START Material to process
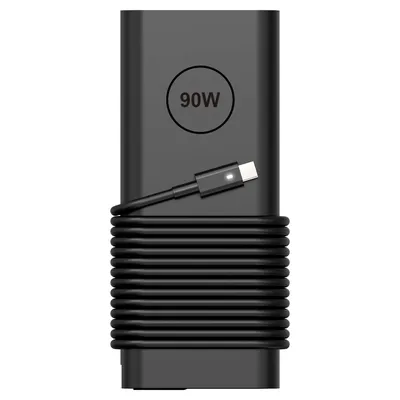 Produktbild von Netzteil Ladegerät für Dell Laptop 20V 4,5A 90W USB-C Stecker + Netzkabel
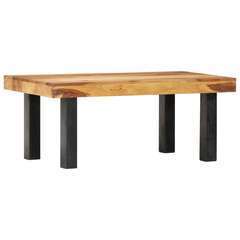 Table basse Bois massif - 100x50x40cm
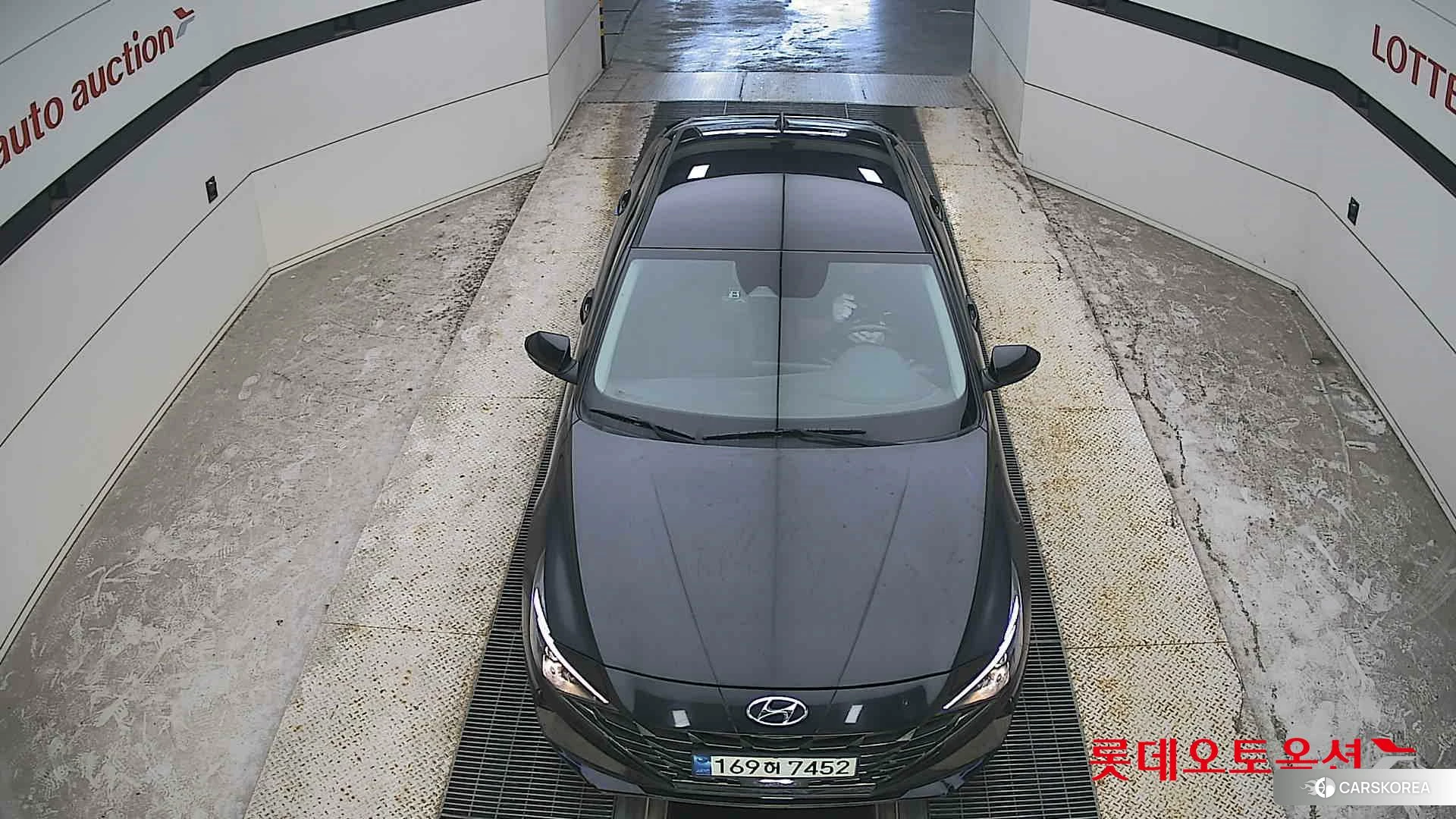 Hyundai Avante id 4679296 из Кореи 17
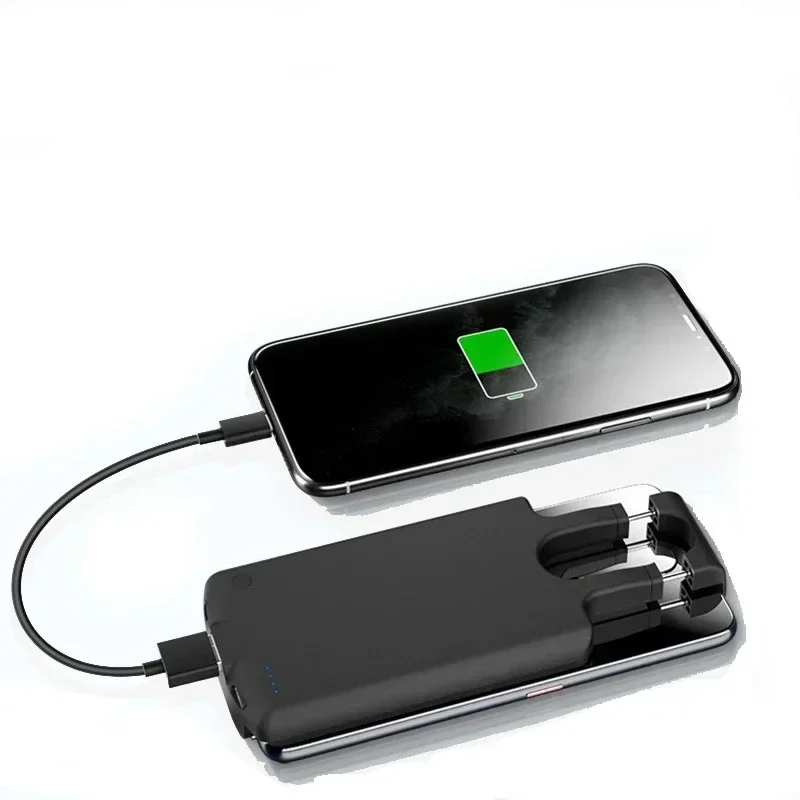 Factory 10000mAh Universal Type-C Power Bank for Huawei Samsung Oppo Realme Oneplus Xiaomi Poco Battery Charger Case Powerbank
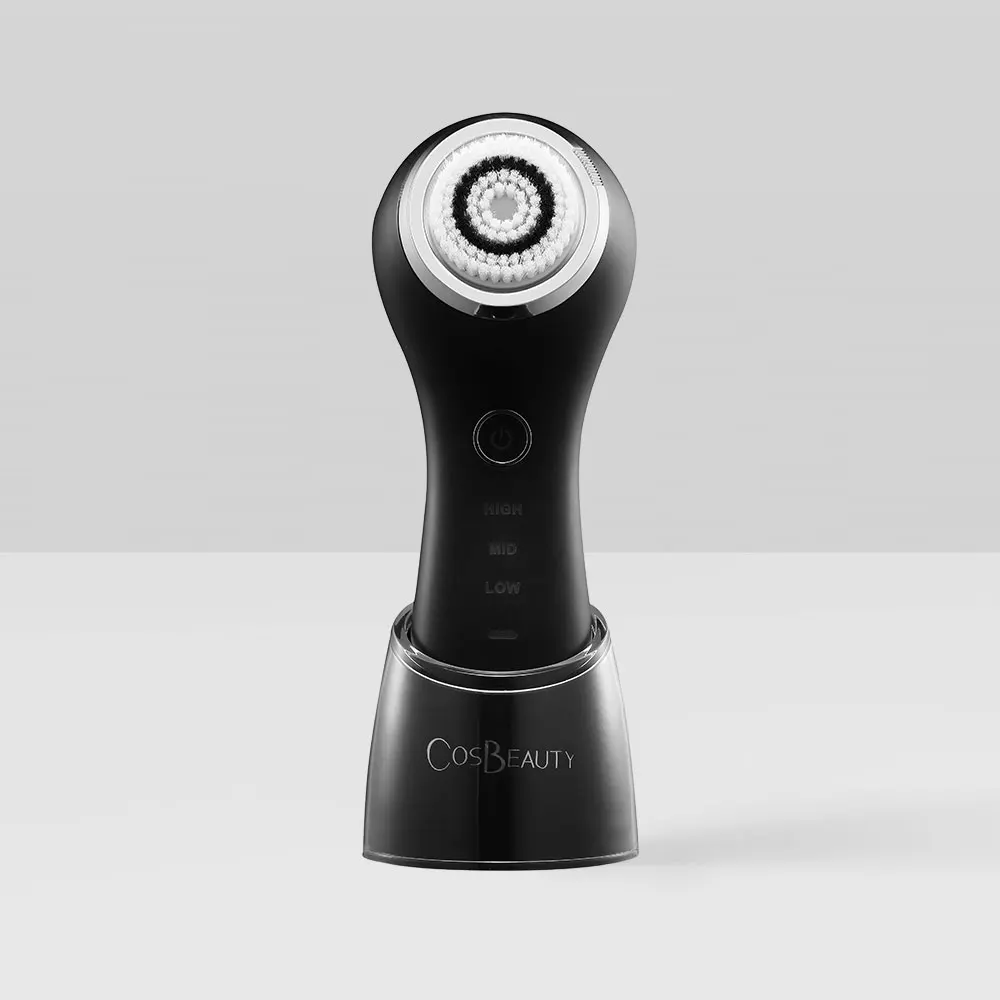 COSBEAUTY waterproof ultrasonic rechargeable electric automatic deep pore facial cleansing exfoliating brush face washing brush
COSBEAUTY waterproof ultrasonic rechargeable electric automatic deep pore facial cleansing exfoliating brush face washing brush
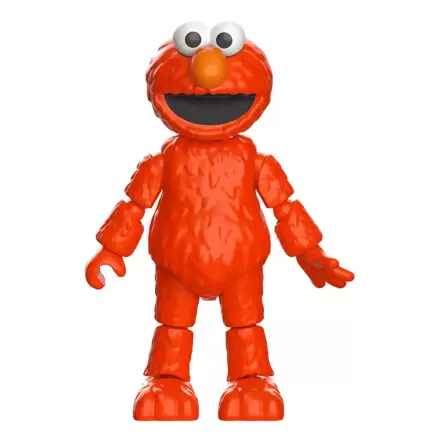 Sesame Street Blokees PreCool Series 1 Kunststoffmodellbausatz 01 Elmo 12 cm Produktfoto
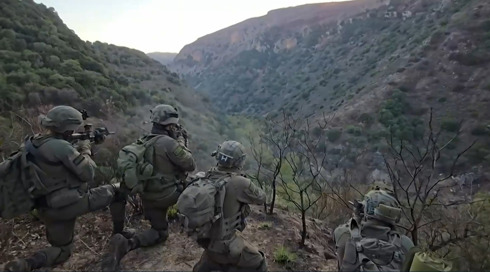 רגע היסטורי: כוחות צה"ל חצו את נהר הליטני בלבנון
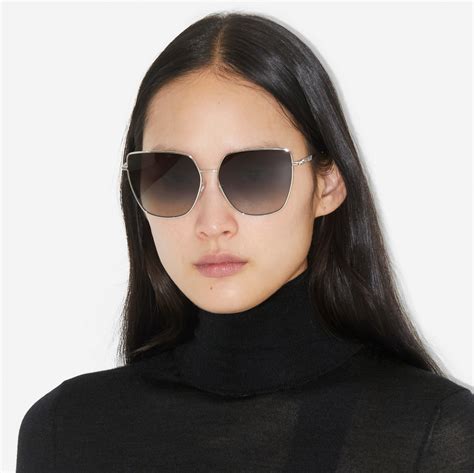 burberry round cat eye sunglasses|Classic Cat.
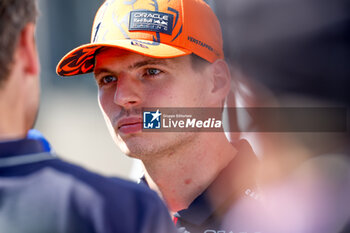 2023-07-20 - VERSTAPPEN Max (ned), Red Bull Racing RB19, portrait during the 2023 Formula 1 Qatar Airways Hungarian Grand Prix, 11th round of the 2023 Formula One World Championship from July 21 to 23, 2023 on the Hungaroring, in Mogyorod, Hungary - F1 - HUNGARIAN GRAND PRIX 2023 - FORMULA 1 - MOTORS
END Material to process
> _Task_
A word-for-word copy of the material is required; pictures stay out of it.

> _Exercise response_
 Produktbild von Netzteil Ladegerät für Dell Laptop 20V 4,5A 90W USB-C Stecker + Netzkabel
 Table basse Bois massif - 100x50x40cm
 Hyundai Avante id 4679296 из Кореи 17
 Factory 10000mAh Universal Type-C Power Bank for Huawei Samsung Oppo Realme Oneplus Xiaomi Poco Battery Charger Case Powerbank
 COSBEAUTY waterproof ultrasonic rechargeable electric automatic deep pore facial cleansing exfoliating brush face washing brush
COSBEAUTY waterproof ultrasonic rechargeable electric automatic deep pore facial cleansing exfoliating brush face washing brush
 Sesame Street Blokees PreCool Series 1 Kunststoffmodellbausatz 01 Elmo 12 cm Produktfoto
 רגע היסטורי: כוחות צה"ל חצו את נהר הליטני בלבנון
 burberry round cat eye sunglasses|Classic Cat.
 2023-07-20 - VERSTAPPEN Max (ned), Red Bull Racing RB19, portrait during the 2023 Formula 1 Qatar Airways Hungarian Grand Prix, 11th round of the 2023 Formula One World Championship from July 21 to 23, 2023 on the Hungaroring, in Mogyorod, Hungary - F1 - HUNGARIAN GRAND PRIX 2023 - FORMULA 1 - MOTORS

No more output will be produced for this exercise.